Posted: January 31st, 2017 11:33 AM

It was not a meeting. It was poster boards and a handful of developers' representatives who were theoretically writing down concerns. In response to mine, I was told, "Yes, we've heard that," without writing. No presentation, no summation of facts (you had to make your way to several different posterboards.) Meanwhile, lots of neighbors were talking to each other, and no one looked happy. We were promised a meeting, not a science fair.

Mark Ruehl from Oak Park  

Posted: January 27th, 2017 8:14 PM

I agree with Tom. In addition, I don't really care how tall the building is as long it is beautiful and architecturally significant.

Bruce Kline  

Posted: January 27th, 2017 6:42 PM

Please everyone show up Jan 30th, 6PM and pack the halls at the 19th Century Club. Do not let Albion destroy Austin Gardens.

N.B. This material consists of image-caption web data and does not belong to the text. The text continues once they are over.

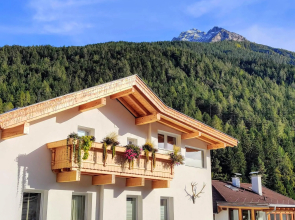 DMG - 'Funky First Floor' Unique Mountain Apartment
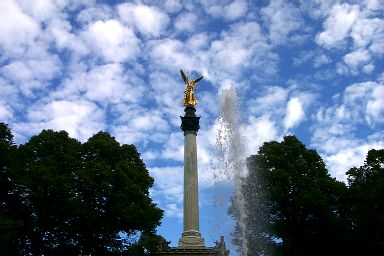 Another view of the Friedensengel (two weeks earlier)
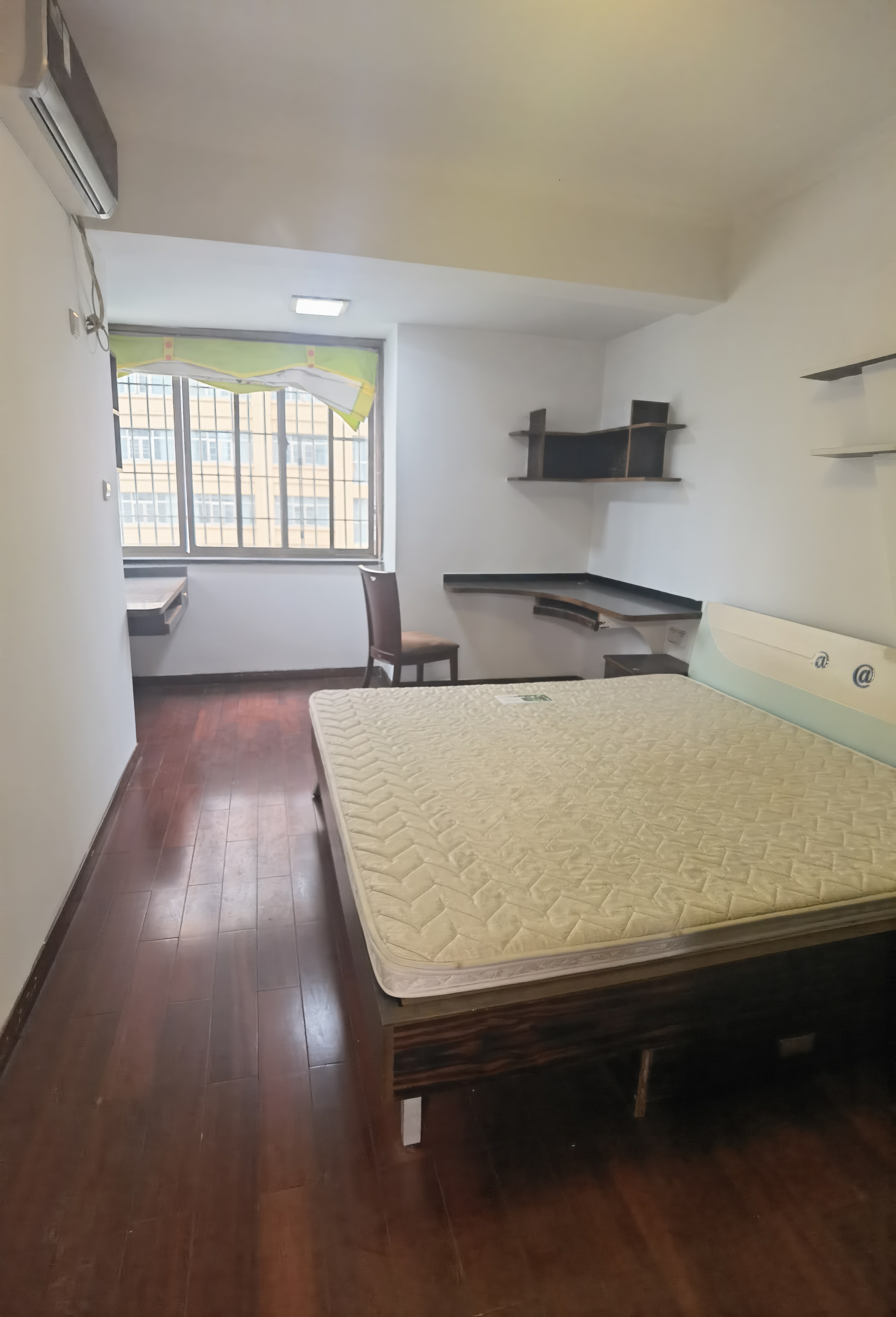 鸿都苑 3室2厅2卫 49.8万 鸿都苑 3室2厅2卫 49.8万客厅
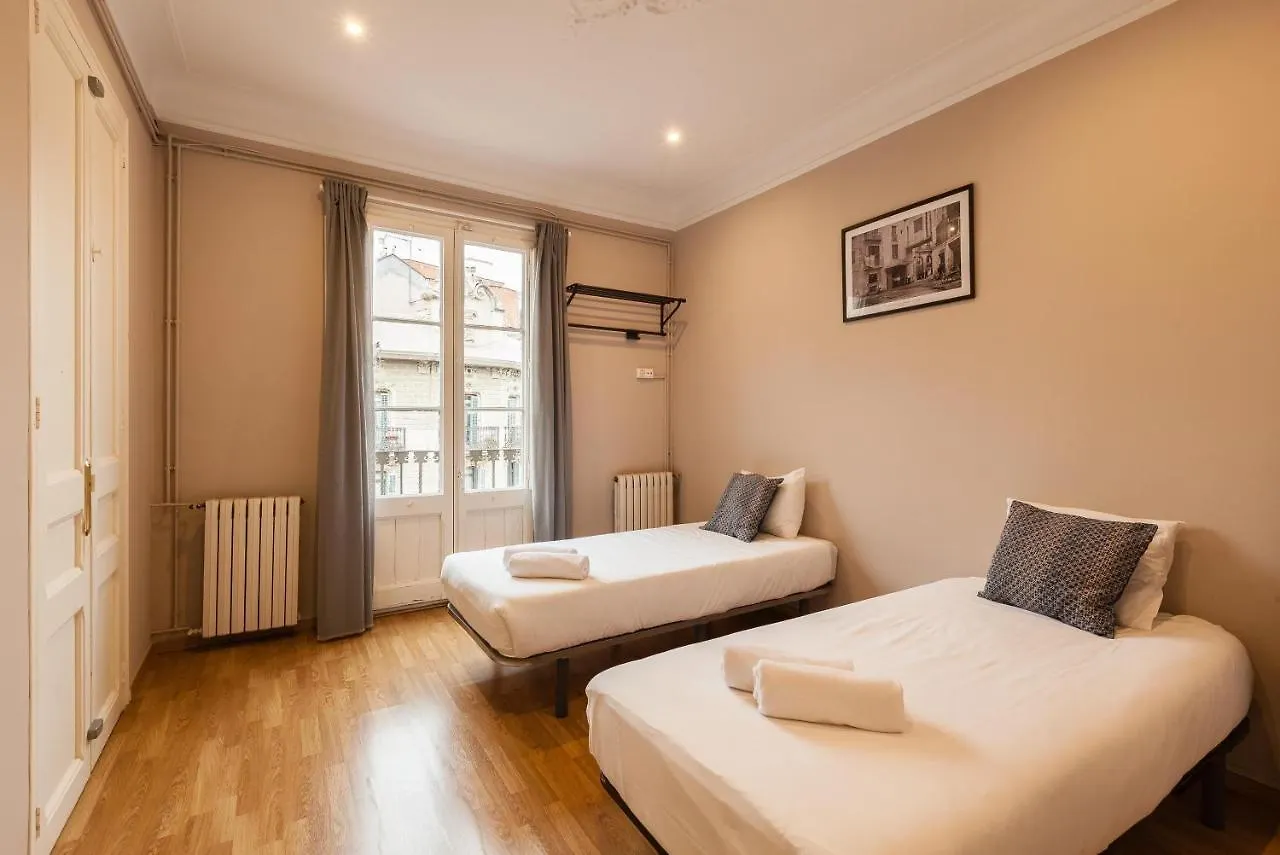 Key Bcn Apartment 4O1A 10P 5H Barcelona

Laura K. Stamp from Oak Park  

Posted: January 27th, 2017 5:36 PM

A building higher than 8 stories absolutely will have a devastating effect on the trees and plants of Austin Gardens. National standards call for 500 acres of open space for a population like ours; Oak Park has 82. Keeping Austin Gardens thriving should be a top priority for the health and well-being of our citizens. Read more about this at or like Austin Guards or Austin Gardens on Facebook.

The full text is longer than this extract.